The setting of The Glass Menagerie does not seem particularly isolated, since the Wingfield family lives in the city of New Orleans. Instead, it is the characters’ actions and attitudes that make the apartment feel isolated. Amanda seems to remain stuck in the past throughout the play, recounting her glory days to her children: “One Sunday afternoon in Blue Mountain – your mother received – seventeen – gentlemen callers! Why, sometimes there weren’t chairs enough to accommodate them all” (Williams 8). Laura seems to have isolated herself with her own avoidant behavior. Amanda tells Laura about her avoidance: “I don’t understand you, Laura. You couldn’t be satisfied with just sitting home, and yet whenever I try to arrange something for you, you seem to resist it” (Williams 52). Meanwhile, Tom often describes his boredom and feelings that he’s wasting his life: “You could see them kissing behind ash pits and telephone poles. This was compensation for lives that passed like mine, without any change or adventure. Adventure and change were imminent this year” (Williams 39).

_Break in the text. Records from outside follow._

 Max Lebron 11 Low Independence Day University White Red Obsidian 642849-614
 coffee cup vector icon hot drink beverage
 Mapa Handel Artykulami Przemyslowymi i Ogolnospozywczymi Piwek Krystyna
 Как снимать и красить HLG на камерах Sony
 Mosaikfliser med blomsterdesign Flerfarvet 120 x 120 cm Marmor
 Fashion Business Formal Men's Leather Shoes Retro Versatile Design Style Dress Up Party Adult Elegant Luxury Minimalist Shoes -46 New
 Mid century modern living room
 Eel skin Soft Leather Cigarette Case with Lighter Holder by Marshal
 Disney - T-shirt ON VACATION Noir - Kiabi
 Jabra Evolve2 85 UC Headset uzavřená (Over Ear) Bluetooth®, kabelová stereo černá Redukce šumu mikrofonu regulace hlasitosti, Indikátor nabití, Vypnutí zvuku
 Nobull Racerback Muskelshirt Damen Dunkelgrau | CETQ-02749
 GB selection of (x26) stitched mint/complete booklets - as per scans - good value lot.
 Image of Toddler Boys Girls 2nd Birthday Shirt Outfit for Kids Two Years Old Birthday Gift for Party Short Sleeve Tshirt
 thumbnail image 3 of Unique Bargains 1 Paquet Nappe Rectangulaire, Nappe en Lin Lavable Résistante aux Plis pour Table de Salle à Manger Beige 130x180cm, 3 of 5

In August: Osage County, the setting is geographically isolated and somewhat desolate. It can be inferred that the boring area is why Karen and Barbara moved far away when they grew up. However, it seems that Violet and Beverly isolated themselves over the years while abusing their drugs of choice: “Mattie Fae pulls back a set of drapes, finds the light is blocked by shades sealed with tape. MATTIE FAE (CONT’D) ‘Ivy, when did this start? This business with taping the shades?’ IVY ‘Been a couple of years now.’ Mattie Fae starts peeling off the tape. MATTIE FAE ‘Is it that long since we’ve been here?’ CHARLIE ‘Do you know its purpose? You can’t tell if it’s night or day.’ IVY ‘I think that’s the purpose’” (Letts 17-18). Meanwhile, the author uses imagery that describes and emphasizes the household’s isolation from the outside world: “And now we see the full beauty of the land, the distant horizon, the high cumulus clouds, the endless blue sky. Barb and Violet two dots, lost in the unforgiving prairie” (Letts 106).

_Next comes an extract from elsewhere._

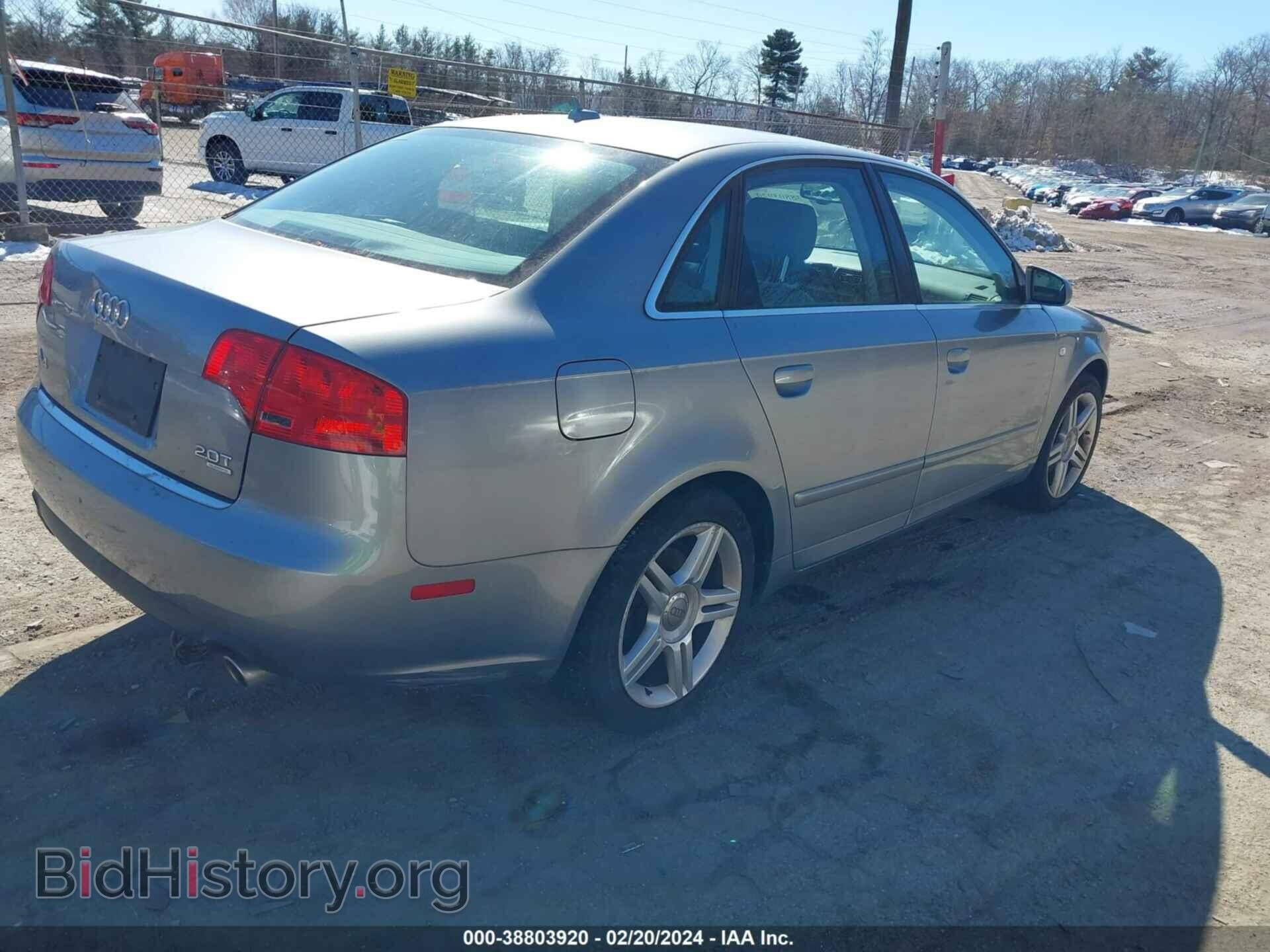 2007 AUDI A4 - VIN: WAUDF78E67A041419 - Фото 4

While both plays focus on drama and turmoil within families caused by isolation within the household, they use different types of isolation in their settings. In The Glass Menagerie, the main characters are isolated psychologically despite living in the middle of a major city. While Tom escapes at the end by leaving his family (taking after his father), he spent most of the play ‘escaping’ by drinking and staying out all night at the movies. Similarly, Laura and Amanda use coping mechanisms such as collecting glass animals and telling stories from the glory days, respectively. Meanwhile in August: Osage County, the characters are primarily isolated by geography and internal conflict. Violet and Beverly resign themselves to drinking and abusing opioids, but the rest of the family gradually abandons Violet because of various conflicts. It can be inferred that the reason the family abandons the household in August is because of geographic isolation leading to petty argument and conflict. The Glass Menagerie pits its characters against one another in a similar manner, but the setting of New Orleans is less physically isolating and more behaviorally isolating.